Despite past foot-dragging, EMI and Universal don't share that indifference. The CEOs of both companies say that digital distribution is a key element of their long-term strategies. Both are speedily licensing downloading and burning rights for songs by their artists--from old-timers like Pink Floyd and the Beach Boys to hot new acts like 50 Cent and Norah Jones. "If we combine digital distribution with physical, we can probably replace the decline in CD sales," says David Munns, CEO of North American recorded music for EMI. Predicts Universal Music CEO Doug Morris: "I believe in two to three years, digital distribution is going to be a substantial part of our business." Shouldn't somebody at BMG be looking that far ahead?

It's the week after his Grammy party, and Clive Davis is still basking in the memory of the evening. Adorning his office are flower arrangements from guests like Aretha Franklin and Carly Simon who wanted to say thanks. "I'm blessed," Davis says. "The party was huge success. It was a magical event. It's becoming an institution. You should read the Liz Smith article where she says that my annual party is like the Vanity Fair Oscar party, but that this is one with heart."
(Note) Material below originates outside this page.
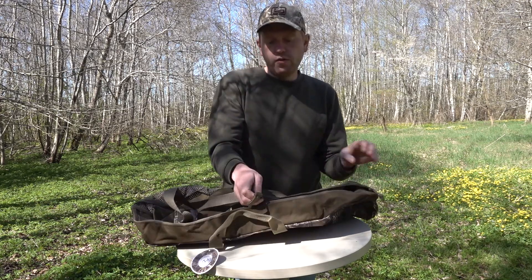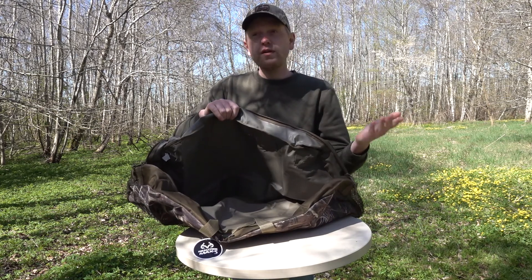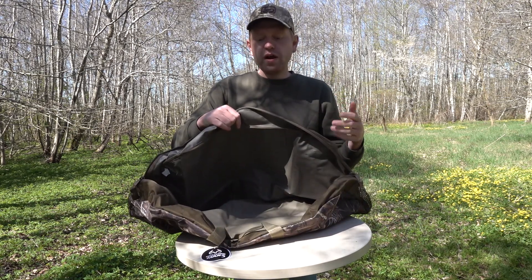It comes with a great big zipper here, heavy duty. One big room where you can fit like 40, 50, maybe even 60 silhouettes in here, depending on the brand or on the size.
Such accolades mean a lot to Davis, whose ego is legendary even in the music business. (One joke about Clive Davis: He thinks the CD was named after him.) He will be the first to tell you that he could easily be retired by now. He adores Europe in the summer, the Caribbean in the winter. He has four grandchildren. But something keeps drawing him back to music. The thrill he gets from having a hit record, he says, hasn't waned.

Now it is time for Davis to resuscitate RCA, a label better known for its catalog of music by departed stars like Elvis and Glenn Miller than for its current roster. He's spent time with its rock acts like Foo Fighters and the Strokes. He's seen a rough cut of Foo Fighters' new video, and he has high hopes. He looks genuinely surprised when asked if he is thinking about digital sales. "The strategy is one of creativity," Davis says. "Really, the technology I leave to others."

One of his first orders of business is to get a hit out of RCA artist Kelly Clarkson of American Idol fame. Davis has been picking songs for Clarkson's first album and spending time with her in the studio. "She just began," he says. "We feel the songs are great. Want to hear her demo?"

He pops a CD into the stereo system behind his desk. "This girl can sing," he says. "Material is coming from some of the best writers all over the world. So she's hot and heavy into it." He cranks up the volume to an earsplitting level. The music is the sort of formulaic middle-of-the-road fare that Davis used to propel Whitney Houston and Barry Manilow to fame.

It's worked for Davis in the past. But it will take more than a hit or two for BMG to continue to prosper--or, perhaps, to survive.